As the dramatic events in Burma of the last few days are being reported throughout the entire world, in this latest update the Asian Human Rights Commission (AHRC), gives additional information not being widely covered in the mainstream media, as follows:
– Protests have continued in Rangoon, Mandalay and other towns 
– Killings outside of Rangoon city centre
– Hundreds of persons and monks taken away; reports of assault and torture
– Looting and profaning of sacred places; townspeople are defending monasteries from troops
– Private news journals have stopped publishing rather than print government propaganda
– Price rises and risk of widespread hunger 
– “Pro-government” rallies being staged 
– The family of the armed forces’ head has fled the country

For all statements, press releases, updates and media, visit the Burma Protests 2007webpage of the AHRC. 

PROTESTS CONTINUED
On September 28 and 29 the protests continued unabated for the 12th and 13th days, despite many attempts by the military regime to stop them. However, protests in Rangoon and Mandalay are becoming increasingly difficult as there are now tens of thousands of troops in both cities. Here are some of the reports of protests on September 29 only:

Rangoon
At midday, hundreds of protestors were again out on and around Anawrahta Road near the Sule Pagoda, shouting slogans at the troops and riot police, such as “General [Aung San] did not give you training in order to kill the people!” “We don’t want military government” and “May the people who killed/beat monks be struck down by lighting!”  There were also protests led by students waving Fighting Peacock flags (the symbol of the students’ movement) in Lanmadaw Township. 

Video of protests in Rangoon on September 28 can be viewed on the Democratic Voice of Burma (DVB) website: http://dvb.cachefly.net/tv/all/28sep.wmv (and from the day before).

Mandalay Division, upper Burma
At Kyaukpadaung, up to 1000 monks and over 10,000 people continued marches. They were watched by troops, police and government thugs but there was no violence.

Arakan State, western Burma
In Sittwe, about 50 monks and 300 civilians marched for around half an hour from 2pm and were threatened by armed troops. There, the authorities have ordered monks to return to their home villages in an attempt to reduce the number of monks in the city and defuse the protests. Similar orders have been given to the abbots of monasteries in other parts of the country.

Around 15 miles outside of Taunggut, monks and villagers also reportedly gathered together to protest in a rural area.

Magwe Division
In Pakokku, west of Mandalay, around 200 monks led 2000 civilians in a peaceful two-hour march to Thihoshin Pagoda starting at 2:30pm that was not broken up by the authorities. During the march they also chanted slogans such as those in Rangoon. They prayed at the pagoda before dispersing.

Pakokku is where government forces attacked monks on September 5, provoking the monks to “overturn the alms bowl” in religious boycott of the regime (UP-119-2007).

To the south of Pakokku, at Yenanchaung, around 200 monks followed by a few thousand supporters marched around the town from around midday on September 29, starting from the Yatanaminhpu Pagoda.
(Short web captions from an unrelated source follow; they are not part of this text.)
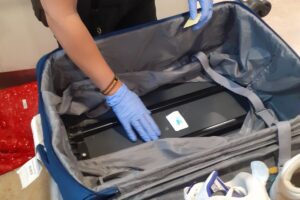 Un agente descubre un doble fondo en la maleta de un pasajero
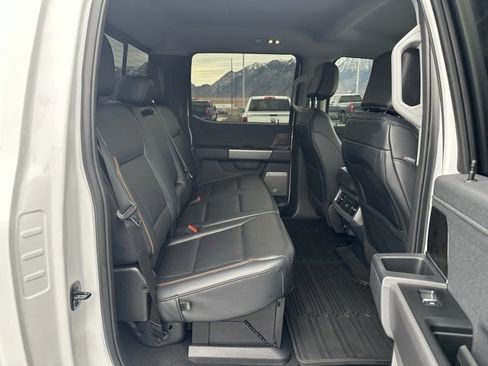 Used 2026 Ford F250 Lariat w/ FX4 Off-Road Package image 18
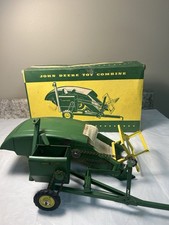 Vintage Ertl Eska John Deere Toy 1/16 Combine With Box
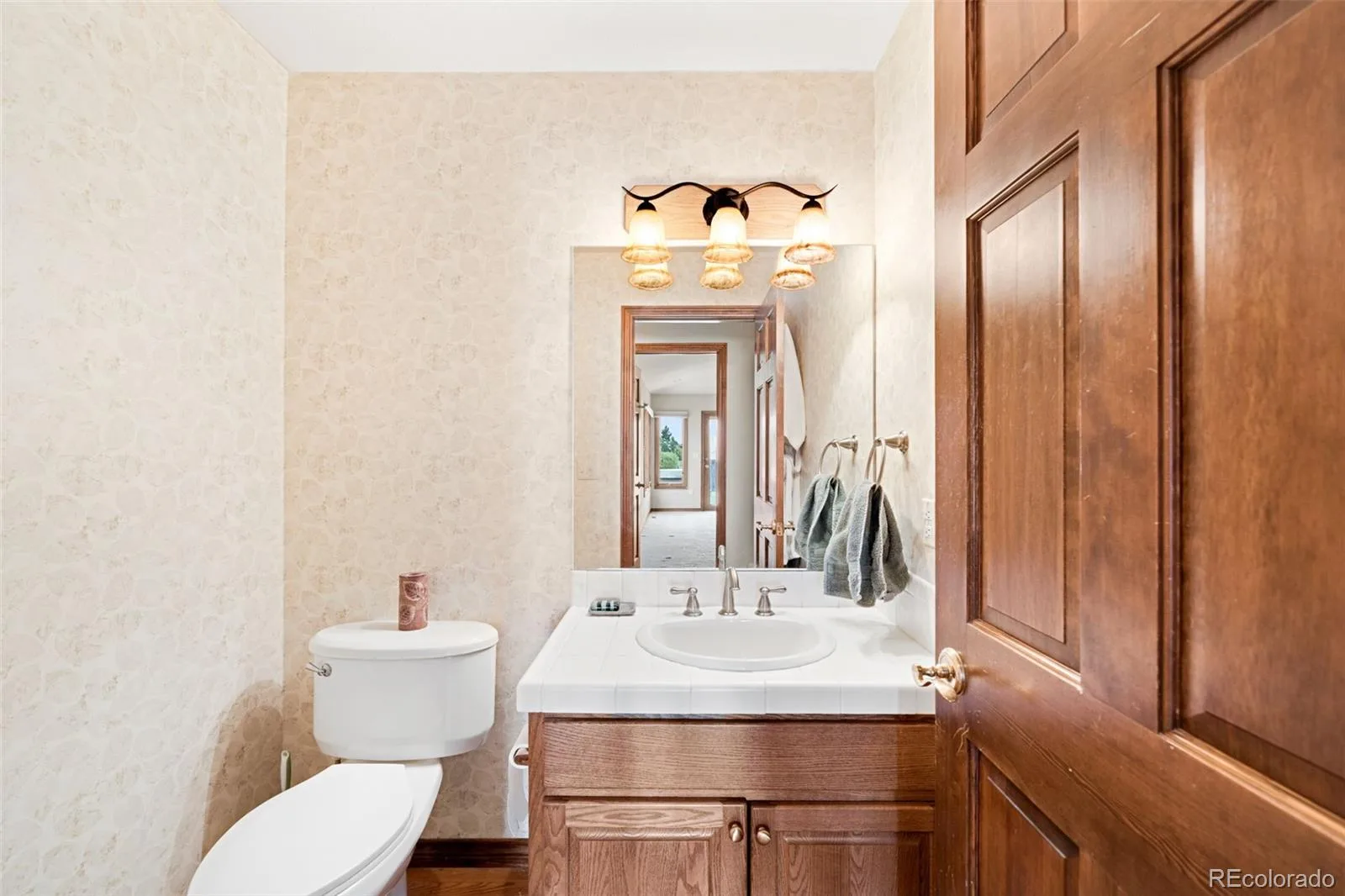 5757 Indian Paint Run Littleton CO 80125 | MLS #REC5612155 07042026201420 1600 23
They marched until 3pm also chanting slogans, according to Yoma 3 news (Thailand). Many of the monks were from the Shwedaung Pali University, which is under the control of one of the 47 top government-approved monks of the Maha Sangha Nayaka Council, U Tezaniya.
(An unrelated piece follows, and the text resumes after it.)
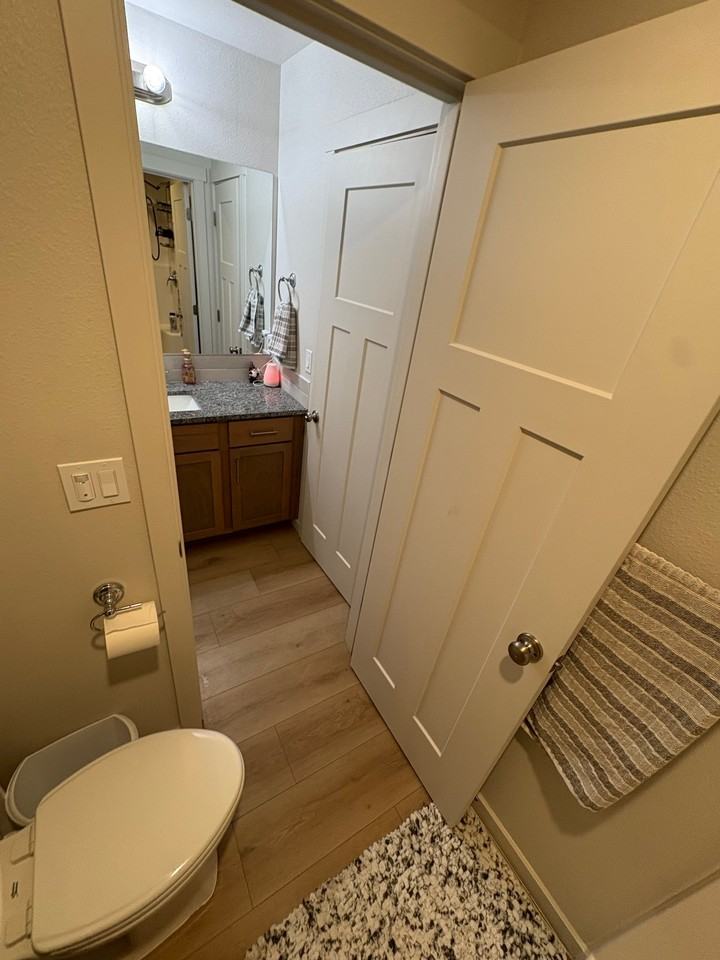 650 Tinley St - Photo 4 of 10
On September 28 there were protests reported in Rangoon, Mandalay, Pakokku and Mogok.

KILLINGS
The killings in Rangoon city centre were widely reported and some caught on film. Rather than deny that they had occurred, the military regime admitted that nine had died due to “terrorists” creating disturbances. Surprisingly, the international media for a while went along with that number, despite knowing that it came from the propaganda of compulsive liars.

It is confirmed through a number of separate sources that at least one person died outside High School No. 3 in Tamwe Township on September 27 when troops pursuing protestors from Pansodan opened fire there and drove a truck into the crowd before assaulting people with truncheons. The dead person was a student at the school, who was killed after his skull was broken open. According to some reports, five or more teenage students were killed; however, the bodies were immediately removed by security forces. Others, as well as their mothers and protestors, were injured. Many were taken away in trucks.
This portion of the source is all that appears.